Maimed bodies, eye gougings, beatings, abuse and strangulation.
Graphic photographs of detainees allegedly tortured by Syrian regime forces are on display in an exhibit at the United Nations headquarters, co-sponsored by 15 nations including Turkey, Britain, France, Qatar and the U.S.
"The international community is waiting for the day that the UN will be up to its values and put an end to the unspeakable pain of the Syrians," Turkey's UN envoy Halit Cevik said at the launch of the exhibit Tuesday. "On that day, the men, women and children in these photos will rest in peace."

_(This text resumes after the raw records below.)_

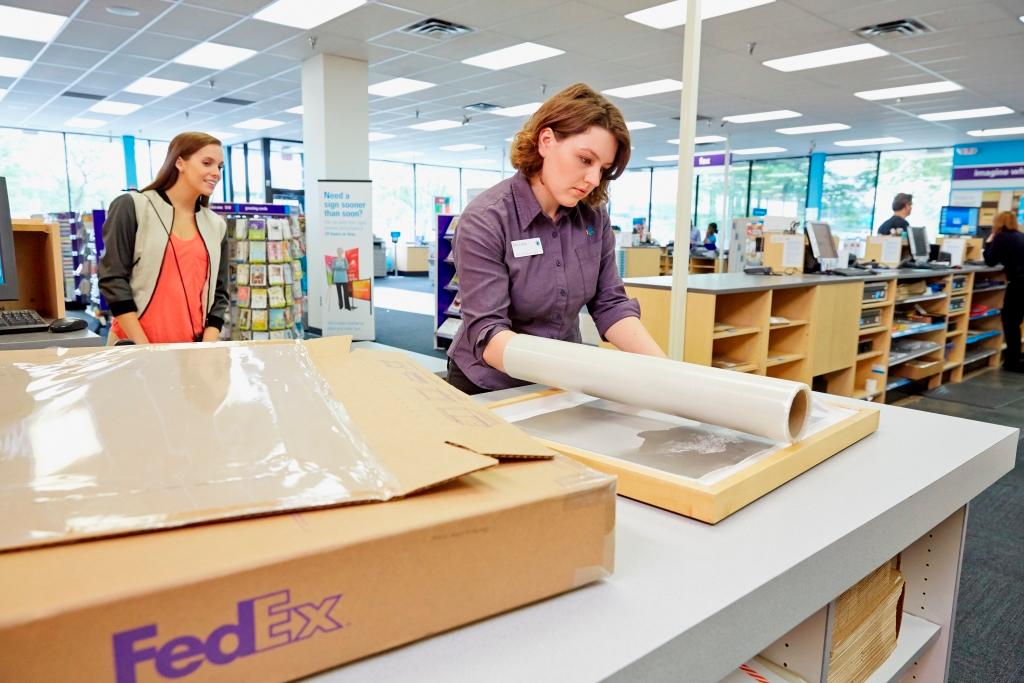 FedEx Office Print & Ship Center | 3701 McKinley Pkwy Suite 1050, Blasdell, NY 14219, USA | Phone: (716) 822-5725
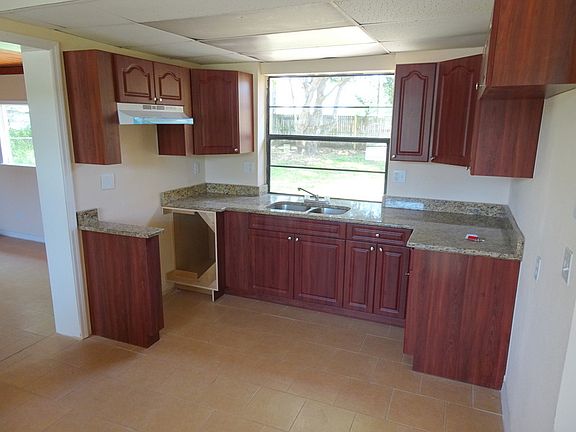 4th image of 8723 N Renfrew Pl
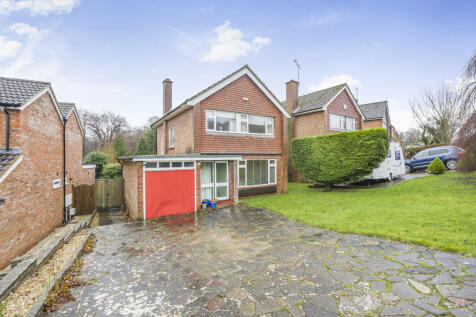 Hithercroft Road, High Wycombe 3 bed detached house for sale
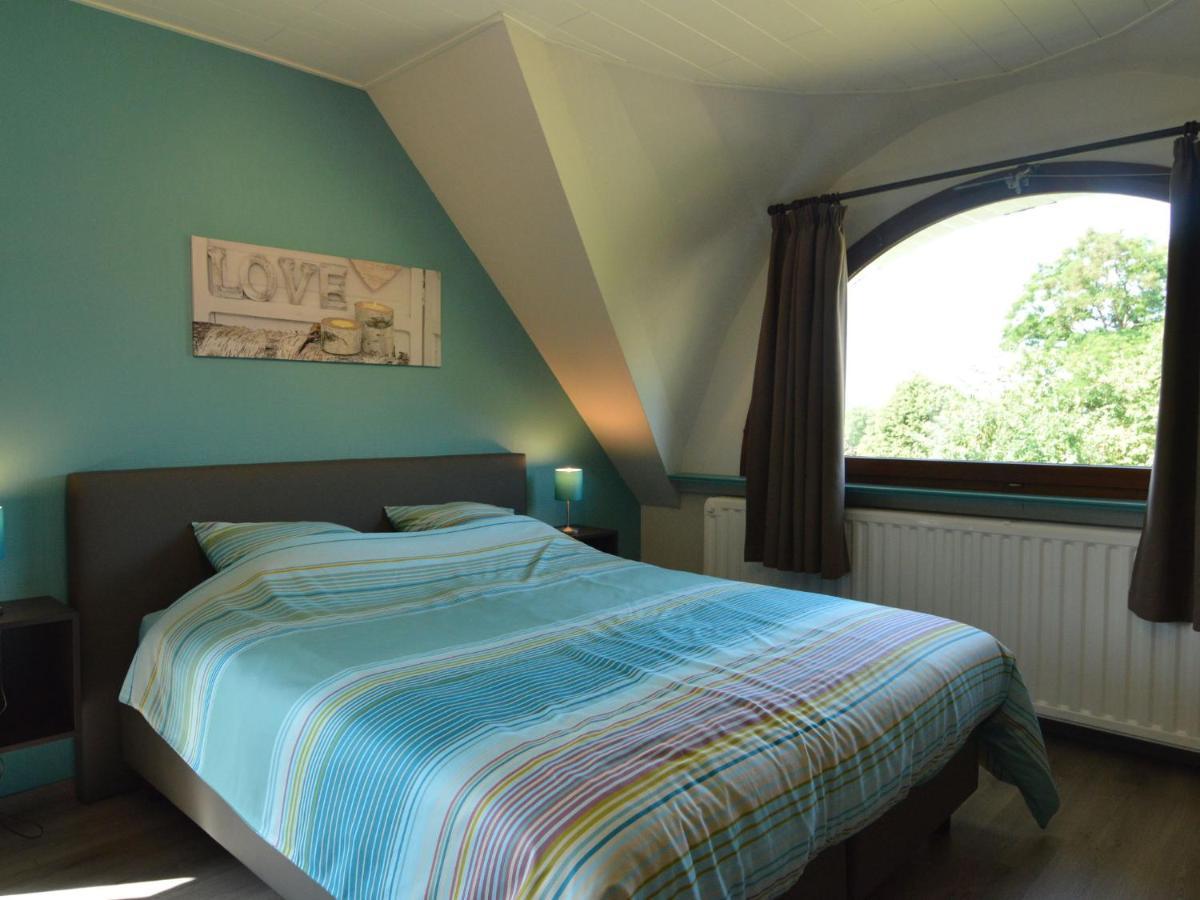 Elegant Villa In Stavelot With Fitness Playroom Εξωτερικό φωτογραφία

The images, smuggled out in January 2014 by a defected military police photographer codenamed "Caesar," have been described by a team of former war crimes prosecutors as "clear evidence" of "systemic torture and killing of detained persons by agents of the Syrian government."
The Syrian civil war enters its fifth year this month, having left as many as 210,000 people dead, according to the UN.
"What is happening in Syria, what the Syrian people are facing in response to their legitimate request for democracy will by no means remain unpunished," Cevik said. "There will be accountability for the acts of the Syrian regime, as there will be bright days where Syrians will rebuild their country out of the ashes."
As many as 3.8 million Syrian refugees are registered in neighboring Turkey, Jordan, Lebanon and Iraq as a result of the conflict which started in March 2011 when the regime responded to anti-government protests with a violent crackdown.
Najib Ghadbian, the special representative to the U.S. for the National Coalition of Syrian Revolutionary and Opposition Forces, said atrocities are still committed by the regime forces "without any accountability."
He complained that the international community's attention to the plight of the Syrians was distracted by the fight against Daesh (the Arabic acronym for the Islamic State of Iraq and the Levant), adding that the lack of accountability for those who committed humanitarian crimes led to the rise of extremist groups.
The number of Syrians currently staying in Syrian prisons is estimated at between 150,000 and 230,000, Ghadbian said.
"They all might be facing a similar fate to the pictures we see in the background," he said, referring to dozens of images on display, out of about 55,000 photographs smuggled out by "Caesar."
The exhibit will remain on display until March 20.